33 U.S.C.A. § 933(d) reads:
"Such employer on account of such assignment may either institute proceedings for the recovery of such damages or may compromise with such third person either without or after instituting such proceeding."
33 U.S.C.A. § 913(a) reads:
"The right to compensation for disability under this chapter shall be barred unless a claim therefor is filed within one year after the injury, and the right to compensation for death shall be barred unless a claim therefor is filed within one year after the death, except that if payment of compensation has been made without an award on account of such injury or death a claim may be filed within one year after the date of the last payment. Such claim shall be filed with the deputy commissioner in the compensation district in which such injury or such death occurred."
The district judge rejected the respondents' view that when 33 U.S.C.A. § 933(f) says "institutes proceedings within the period prescribed in section 913 of this chapter", it refers to third party proceedings, that the reference to Section 913 is merely for the purpose of providing a time limitation on the filing of the third party action, and that it has no reference to the substance of Sec. 913 which concerns, of course, not third party actions but claims for compensation under the Act.
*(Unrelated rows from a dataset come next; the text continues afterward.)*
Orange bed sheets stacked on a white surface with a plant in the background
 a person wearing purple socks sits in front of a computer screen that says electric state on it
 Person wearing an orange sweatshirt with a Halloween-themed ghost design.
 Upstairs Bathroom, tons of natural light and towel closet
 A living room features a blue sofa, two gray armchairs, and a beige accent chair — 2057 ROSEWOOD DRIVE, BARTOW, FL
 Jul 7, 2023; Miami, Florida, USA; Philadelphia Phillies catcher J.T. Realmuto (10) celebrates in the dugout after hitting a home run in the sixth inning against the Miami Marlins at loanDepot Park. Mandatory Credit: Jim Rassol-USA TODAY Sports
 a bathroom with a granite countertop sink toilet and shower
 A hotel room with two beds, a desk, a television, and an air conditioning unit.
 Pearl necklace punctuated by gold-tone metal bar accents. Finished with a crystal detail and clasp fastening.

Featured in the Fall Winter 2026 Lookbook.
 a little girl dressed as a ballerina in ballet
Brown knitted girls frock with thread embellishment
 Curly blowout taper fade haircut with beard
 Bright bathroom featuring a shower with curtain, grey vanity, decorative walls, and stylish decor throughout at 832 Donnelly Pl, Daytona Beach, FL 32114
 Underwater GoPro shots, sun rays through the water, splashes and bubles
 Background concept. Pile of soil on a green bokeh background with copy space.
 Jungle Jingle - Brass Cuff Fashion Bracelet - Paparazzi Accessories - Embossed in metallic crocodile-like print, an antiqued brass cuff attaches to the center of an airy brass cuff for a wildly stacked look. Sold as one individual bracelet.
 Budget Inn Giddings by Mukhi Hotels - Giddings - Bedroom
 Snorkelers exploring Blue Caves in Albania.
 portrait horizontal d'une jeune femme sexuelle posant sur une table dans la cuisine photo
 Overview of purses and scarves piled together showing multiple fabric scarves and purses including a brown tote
In accordance with his own construction of the statute, the district judge thought and said that the reference in Sec. 933, to instituting proceedings within the period prescribed in Section 913, was for the purpose, and had the effect, not of fixing a one year period for filing a third party proceeding but of referring to the time limitation on filing the claim for compensation and of fixing the same time limitation for filing the claim, whether it was or was not coupled with an election to sue a third party.
Basing his opinion upon this view, he held that the invoked section did not set any time for filing the third party action and that the commissioner's conclusion and decision that the claim was barred was therefore wrong.
We agree with the district judge's conclusion that the deputy commissioner's decision was wrong and should be set aside. We cannot agree, however, with the reason he gave for it, that the language in Sec. 933(f) "institutes proceedings within the period prescribed in section 913" refers not to the third party action but to the claim for compensation. Nevertheless, though we think that the deputy commissioner was right, the district judge wrong in this respect, we think it plain that there is nothing in the statute which, in the circumstances of this case supports the result found by the commissioner. This is so because nowhere in the statute is it provided that the failure to file the third party action within one year bars the claim for compensation. The language is directory, not mandatory, and, in the absence of some positive showing of undue delay and of injury resulting from the failure to file within one year, it would be, we think, an unreasonable construction to read it as a statute automatically forfeiting claims to compensation without a showing of prejudice or injury. While the precise question here presented has not been authoritatively decided in any appellate court, in our opinion the decisions, dealing with analogous situations and generally giving the statute a liberal construction, preclude the construction contended for here. Cf. American Lumbermen's Mut. Cas. Co. v. Lowe, 2 Cir., 70 F.2d 616, 618; Associated General Contractors of America, Inc. v. Cardillo, 70 App.D.C. 303, 106 F.2d 327; Chapman v. Hoage, 296 U.S. 526, 56 S.Ct. 333, 80 L.Ed. 370; Voris v. Gulf-Tide Stevedores, Inc., 5 Cir., 211 F.2d 549; Terminal Shipping Co. v. Branham, D.C., 47 F. Supp. 561.
See Terminal Shipping Co. v. Branham, 47 F. Supp. 561, at page 570.
The judgment was right. It is affirmed.